While some people are lucky enough to have strong support networks through family, friends and community members, many youth don't have a group of supporters to help get them hyped. In fact, the reality for a lot of youth is exactly the opposite: they regularly deal with discouragement dished out by the people around them.

You may have experienced this from a parent who insists you'll fail at whatever you try to do, a friend who pressures you to make poor choices, or people who simply don't have time to help you become a better person. These situations can understandably leave you feeling frustrated, depressed, alone and doubting your abilities.

What's important to remember is that the people in your life may not be equipped to provide the support you need, and often their reasons for this aren't related to you in any way. Many adults are dealing with their own fears, biases and values acquired during their upbringing-ways of thinking and acting that may seem old-school in comparison to what you're experiencing in today's world.

And many adults need support too, according to Child and Family Canada, a Web-based collection of educational resources, which says today's parents often feel overwhelmed-juggling work and family responsibilities and trying to keep up with increasingly fast-paced lives. "Youth often have to deal with parents who are highly stressed by the end of the working day," one article on the site outlines. "Stress can undermine the quality of the interaction between parents and children."

Whether you're regularly doing pretty good, often feeling foul, or simply in need of a kind word from time to time, there's no doubt about the benefits of having a personal support network. These coaches are the people who offer encouragement, practical advice and a listening ear, all of which can help you feel confident as you make life decisions. They may be family members, friends, teachers, counsellors, bosses or neighbours-generally anyone you trust who's genuinely interested in helping you succeed.
Many adults aren't aware of the negativity coming through when they're interacting with you, and others simply don't know how to talk with you in a positive and helpful way. But encouragement is a two-way street, and sometimes you have to encourage others to encourage you!

You can start building supportive relationships by letting people know how crucial their backing is for you. Try identifying one or two people who are important to you, and who are most likely to respond positively to your request for support.

When you approach them, be specific about your needs. Tell them exactly how you want them to help-whether it's providing advice, listening without judging or assisting you in working through a problem or making a decision. Be clear and firm, but also be respectful. Let them know that you value their opinion and their time.

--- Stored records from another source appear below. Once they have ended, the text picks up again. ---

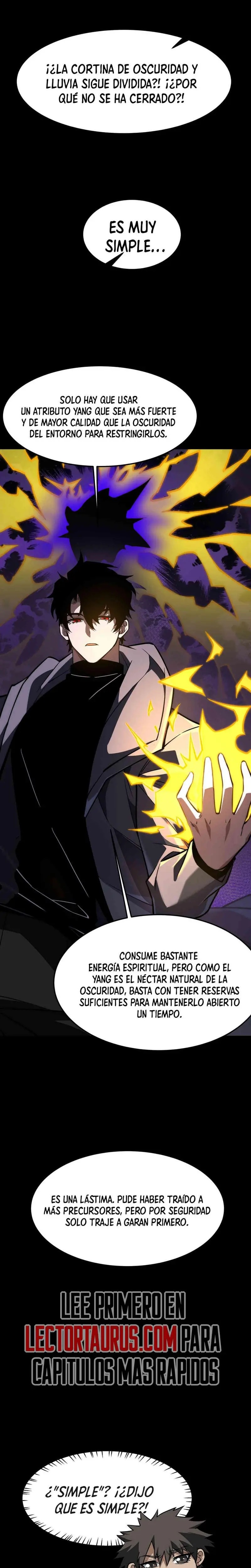 Ascensión Divina: Mi camino a la Cima de las Artes Marciales > Capitulo 59 > Page 151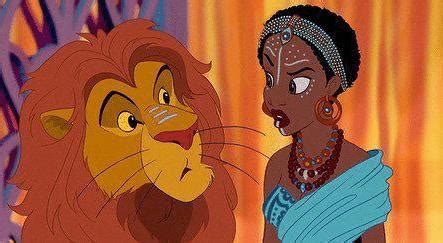 迪士尼非洲公主叫什么
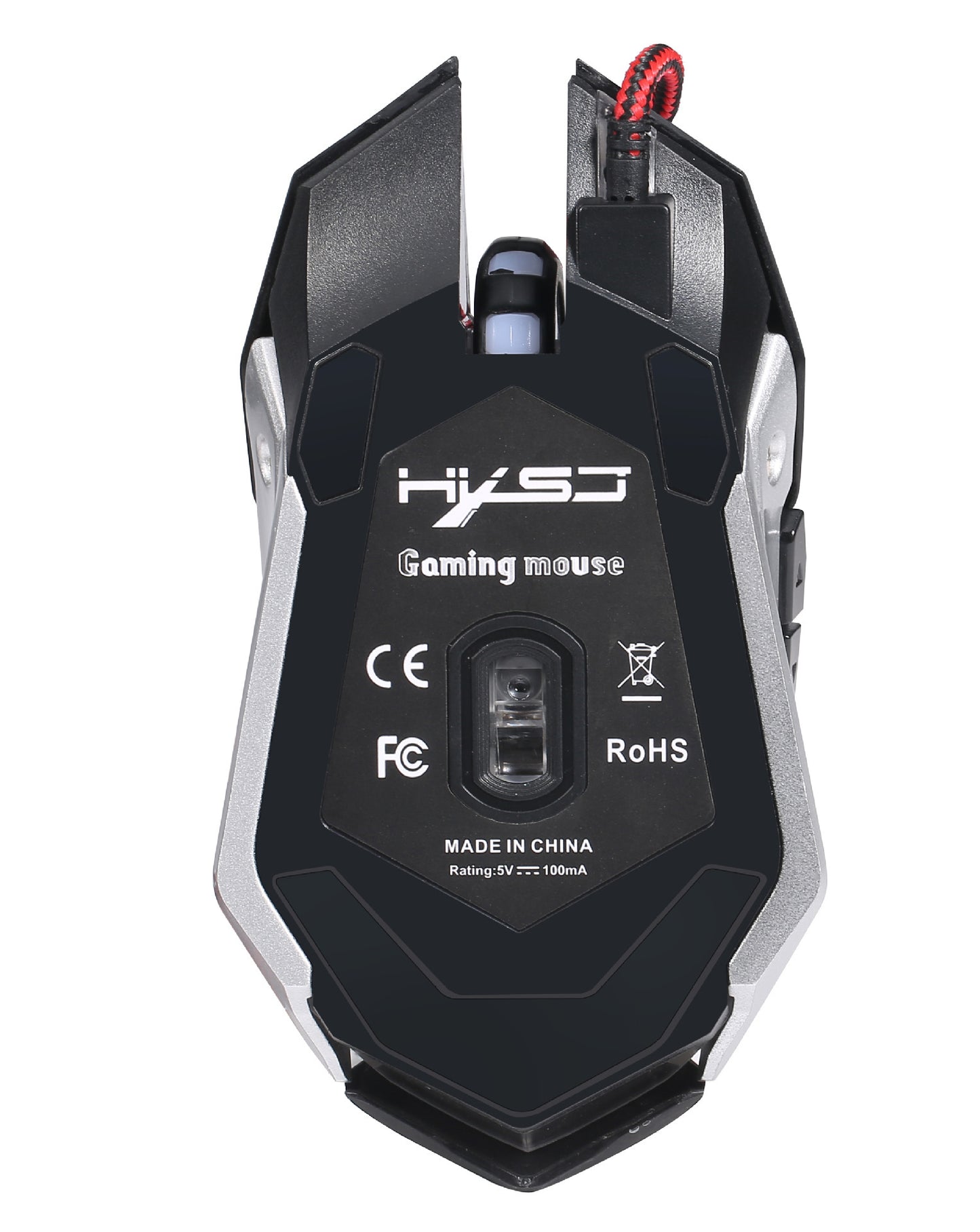 S100 Mechanical Colorful Gaming Mouse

Corwin says youth shouldn't be reluctant to push for encouragement. "Maybe your parents, siblings, grandparents or friends don't know you're looking for direction," he says.
He also suggests getting involved with a group of people who have a common purpose. "Find an organization that's doing something interesting and offer to help out. The longer you volunteer, the more connected you become to the members of your team, and the more value you'll place in that sense of belonging."

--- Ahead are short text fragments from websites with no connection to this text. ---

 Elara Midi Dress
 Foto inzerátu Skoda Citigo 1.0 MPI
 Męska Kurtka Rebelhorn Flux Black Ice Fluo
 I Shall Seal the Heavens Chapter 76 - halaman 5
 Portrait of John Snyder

One way or another, we all need supporters, says Corwin. "Even the best golfer in the world, Tiger Woods, has a coach. If youth are expected to weather the storms of dealing with who they are and what the heck they're doing on Earth, then they should have the opportunity to be coached."

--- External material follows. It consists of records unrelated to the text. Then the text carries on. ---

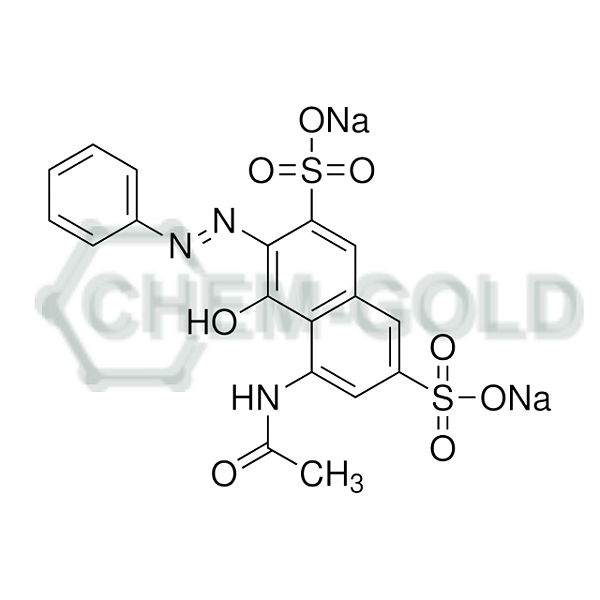 3734-67-6 Azofloxina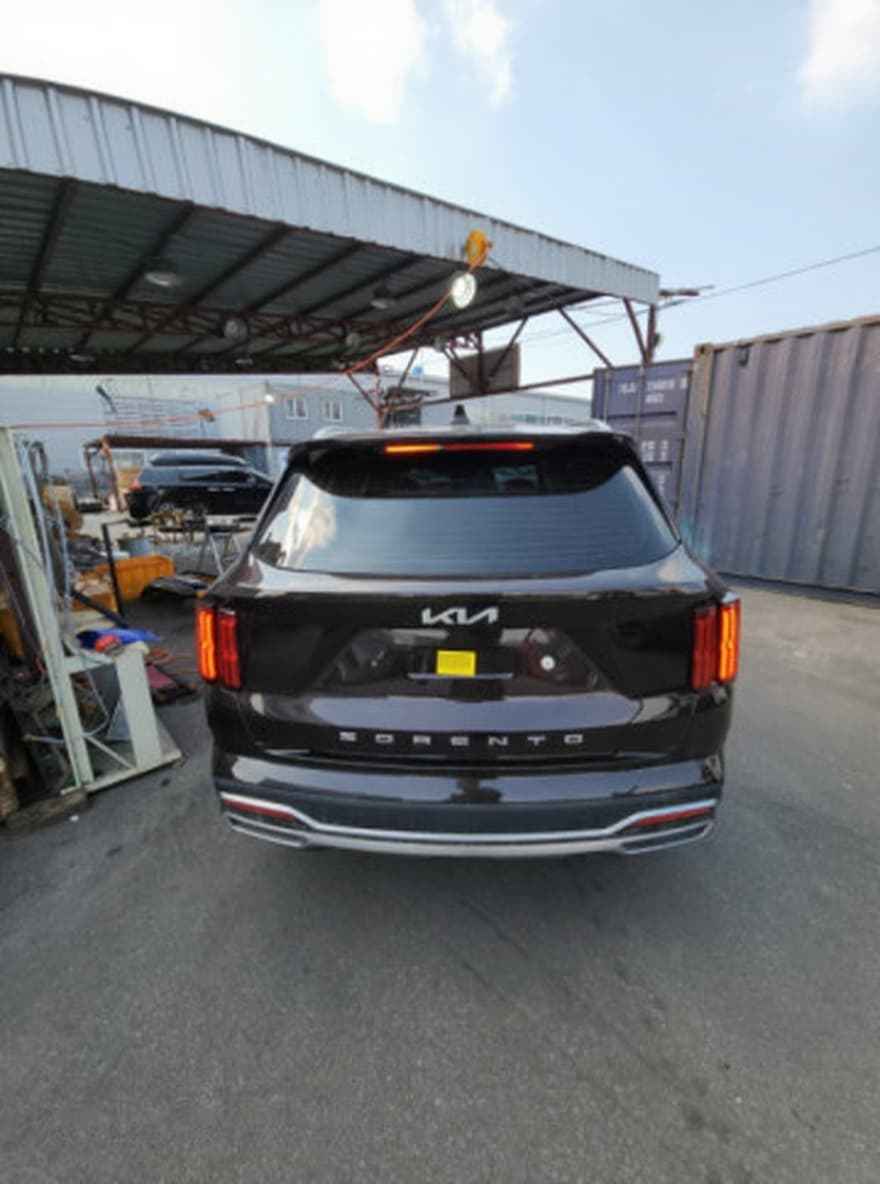 Kia Sorento IV, 2022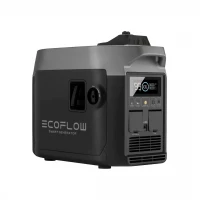 Интеллектуальный генератор EcoFlow GasEB-EU бензин 1.8 кВт 42 -58 В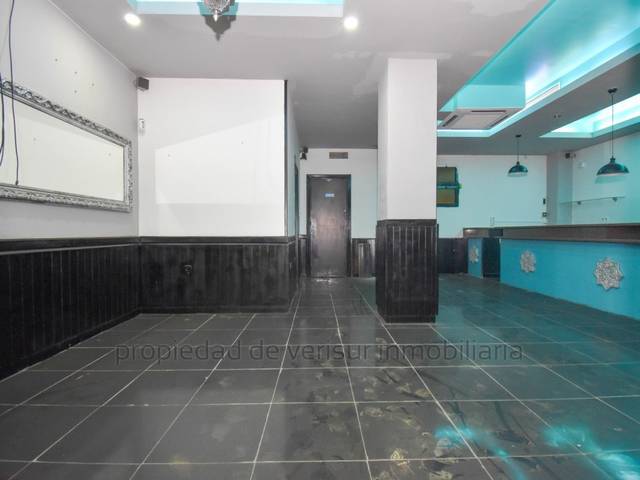 Local comercial en Alquiler en Las Lomas - Las Yucas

  1. Know When to Ask for Assistance
    While there's nothing wrong with being independent, it's crucial to know when to ask for help. If you feel like giving up, are losing interest in school, work and other activities, or if you're feeling frustrated, angry or unsuccessful, it's time to ask for some support.
     
  2. Choose the Right People for Your Network
    Be choosy about your coaches. Pick positive, upbeat and encouraging people who truly have your best interests in mind. Sometimes all you need is one good person to make a difference.
     
  3. Nurture Your Supporters
    Be sure to thank those who help you out and let them know how important their support is to you.
     
  4. Develop Your Inner Coach
    Build your sense of inner strength to boost your ability to get through difficult times. Focus on your strengths and surround yourself with people who will reinforce the positive.
     
  5. Make Use of Available Resources
    Access local programs, Web sites and community resources. Start by checking out www.workinfonet.bc.ca/youth for a ton of tips on getting connected to people and programs.